# What you should do
Print only the lines from the one with "Men's Antigua Intent" through the end of the data, exactly, and please omit pictures.

# Given material
__________________________________________________

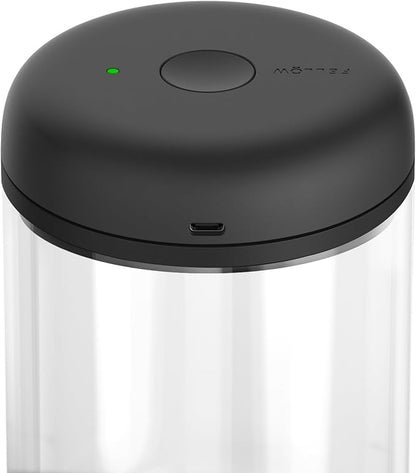 Fellow Atmos Electric Vacuum Canister & Storage Container - Airtight Coffee & Food Storage Containers - Coffee Containers - (Clear Glass, 1.2 Liter)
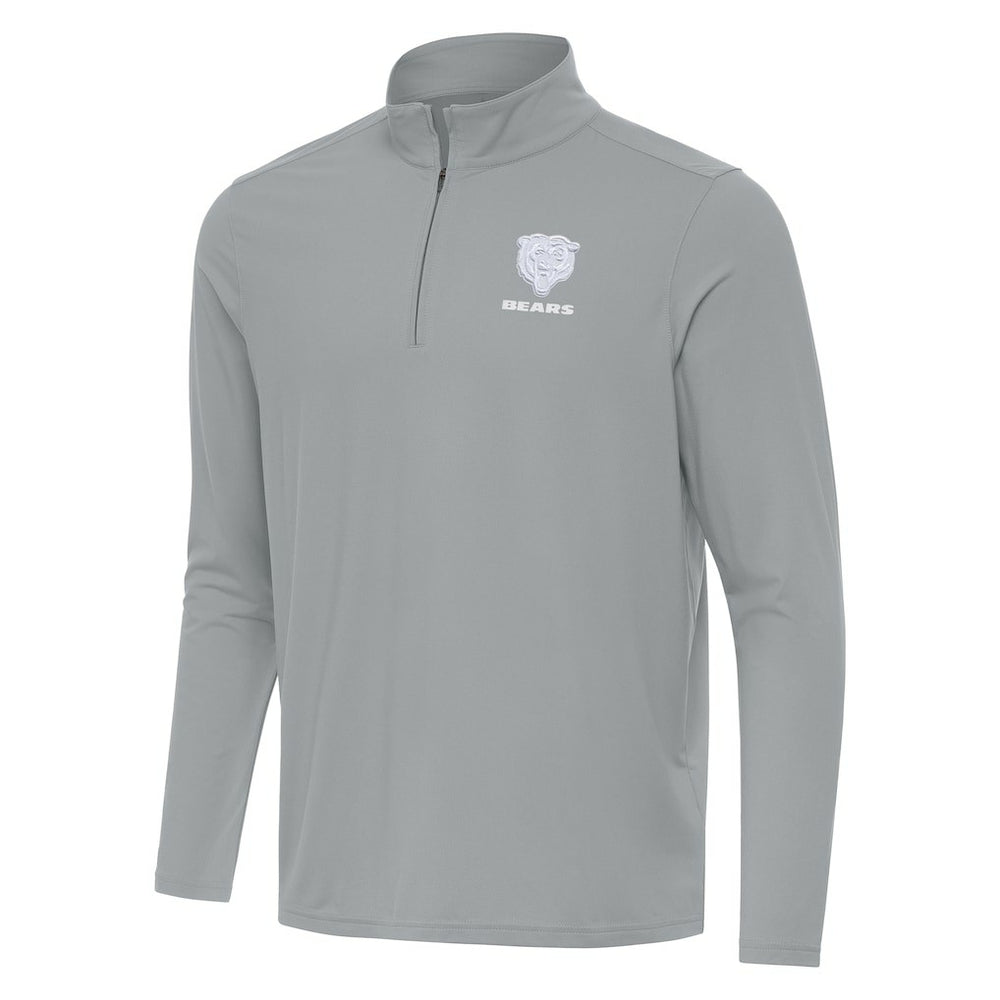 Men's Antigua Intent Quarter-Zip Jacket - Chicago Bears Jackets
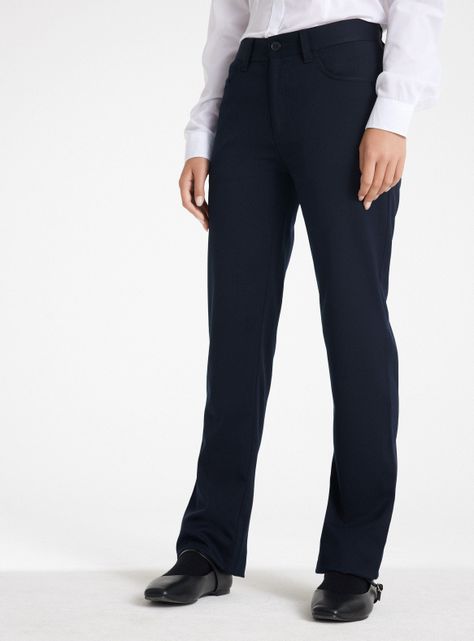 Pantalón Spandex Azul Marino Niña Talla 38 A 48-0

__________________________________________________

# The completed task
 Men's Antigua Intent Quarter-Zip Jacket - Chicago Bears Jackets
 Pantalón Spandex Azul Marino Niña Talla 38 A 48-0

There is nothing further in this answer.